▸ **Problem requirements**
Using the records that appear below, write out exactly the lines from the one with "Thumbnail Image 1" through the one with "7cm tinggi meningkatkan", keeping both end lines.

▸ **Data supplied**
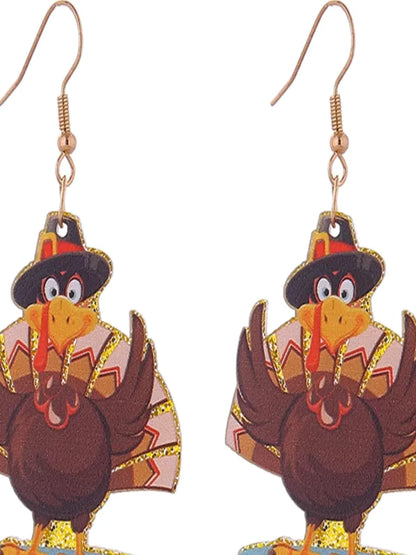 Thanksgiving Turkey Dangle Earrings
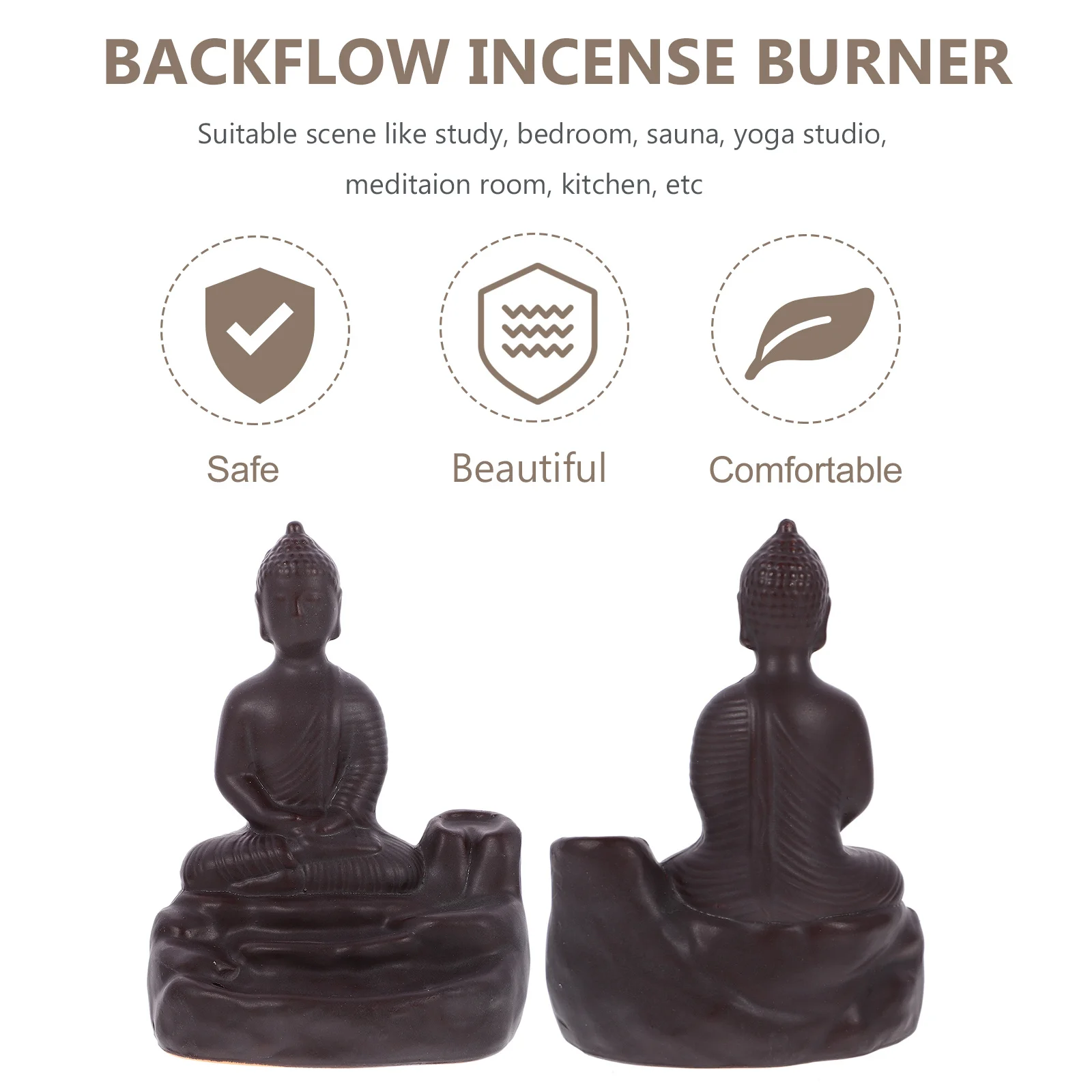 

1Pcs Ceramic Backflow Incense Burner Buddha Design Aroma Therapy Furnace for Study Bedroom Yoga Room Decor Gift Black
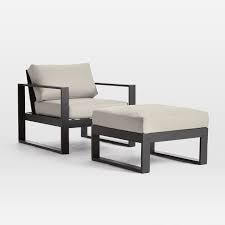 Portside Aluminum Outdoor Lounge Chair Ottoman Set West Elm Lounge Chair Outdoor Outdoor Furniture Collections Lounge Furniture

--

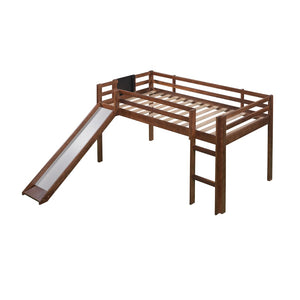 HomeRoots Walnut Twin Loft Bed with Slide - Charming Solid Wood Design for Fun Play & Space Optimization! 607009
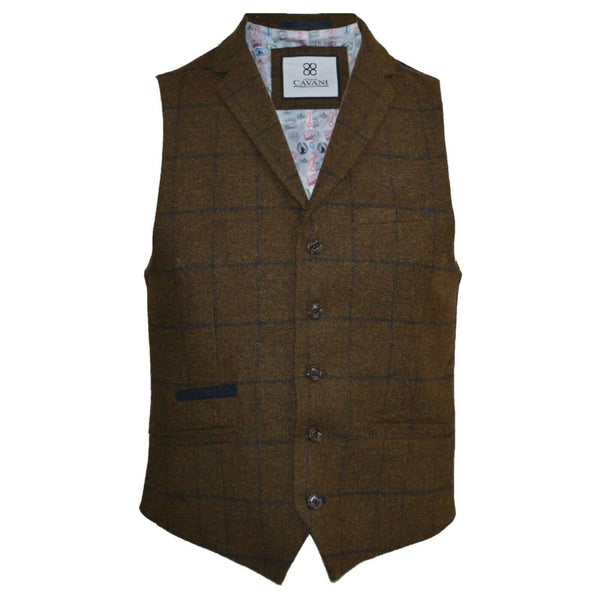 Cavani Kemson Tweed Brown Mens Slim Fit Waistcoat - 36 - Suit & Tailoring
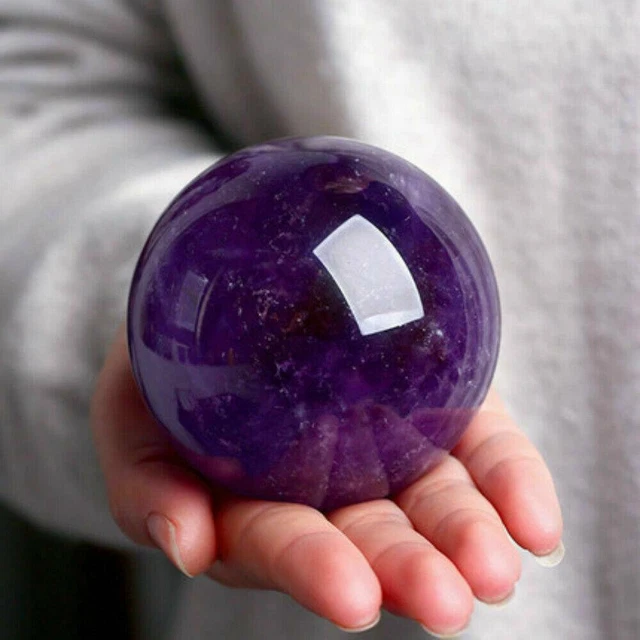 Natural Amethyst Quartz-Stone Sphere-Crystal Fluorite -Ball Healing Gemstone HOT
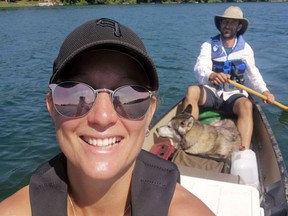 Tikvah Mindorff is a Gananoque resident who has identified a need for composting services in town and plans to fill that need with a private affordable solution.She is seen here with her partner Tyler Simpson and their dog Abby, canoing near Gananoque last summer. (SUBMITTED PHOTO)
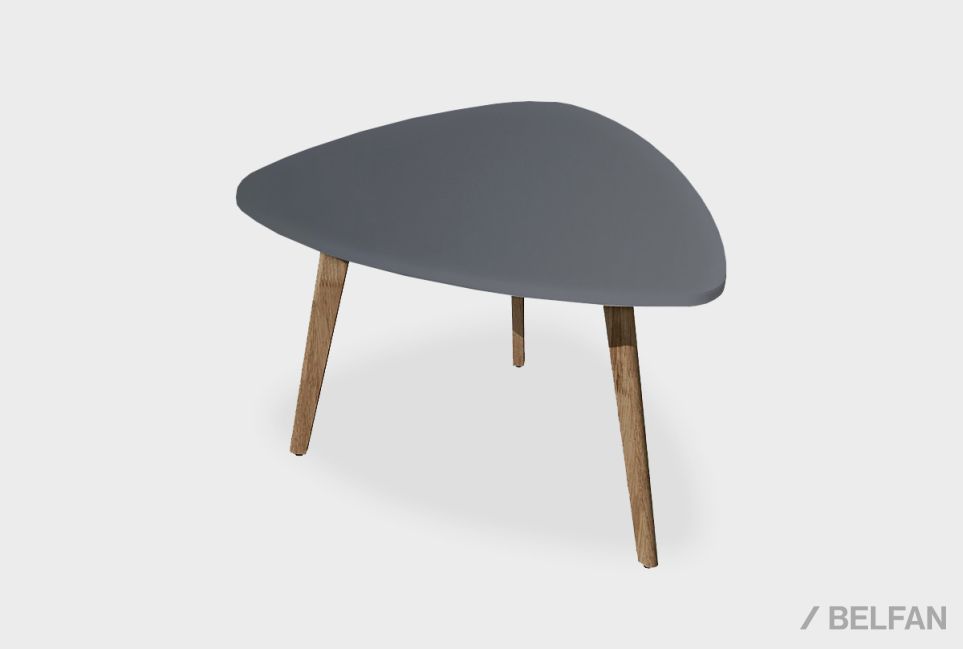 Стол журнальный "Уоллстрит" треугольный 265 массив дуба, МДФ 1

==

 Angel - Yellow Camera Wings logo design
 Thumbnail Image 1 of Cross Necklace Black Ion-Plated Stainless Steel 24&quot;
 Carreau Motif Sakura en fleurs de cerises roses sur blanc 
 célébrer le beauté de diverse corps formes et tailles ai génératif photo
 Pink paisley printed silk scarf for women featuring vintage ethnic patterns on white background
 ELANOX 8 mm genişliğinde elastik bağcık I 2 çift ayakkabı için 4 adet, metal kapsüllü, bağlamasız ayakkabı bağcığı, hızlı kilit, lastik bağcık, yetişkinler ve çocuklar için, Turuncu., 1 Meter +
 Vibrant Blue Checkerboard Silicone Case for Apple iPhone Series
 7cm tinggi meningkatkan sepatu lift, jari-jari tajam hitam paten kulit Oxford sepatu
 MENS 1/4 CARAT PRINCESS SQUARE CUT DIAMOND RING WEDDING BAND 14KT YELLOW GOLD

▸ **Result for this task**
 Thumbnail Image 1 of Cross Necklace Black Ion-Plated Stainless Steel 24&quot;
 Carreau Motif Sakura en fleurs de cerises roses sur blanc 
 célébrer le beauté de diverse corps formes et tailles ai génératif photo
 Pink paisley printed silk scarf for women featuring vintage ethnic patterns on white background
 ELANOX 8 mm genişliğinde elastik bağcık I 2 çift ayakkabı için 4 adet, metal kapsüllü, bağlamasız ayakkabı bağcığı, hızlı kilit, lastik bağcık, yetişkinler ve çocuklar için, Turuncu., 1 Meter +
 Vibrant Blue Checkerboard Silicone Case for Apple iPhone Series
 7cm tinggi meningkatkan sepatu lift, jari-jari tajam hitam paten kulit Oxford sepatu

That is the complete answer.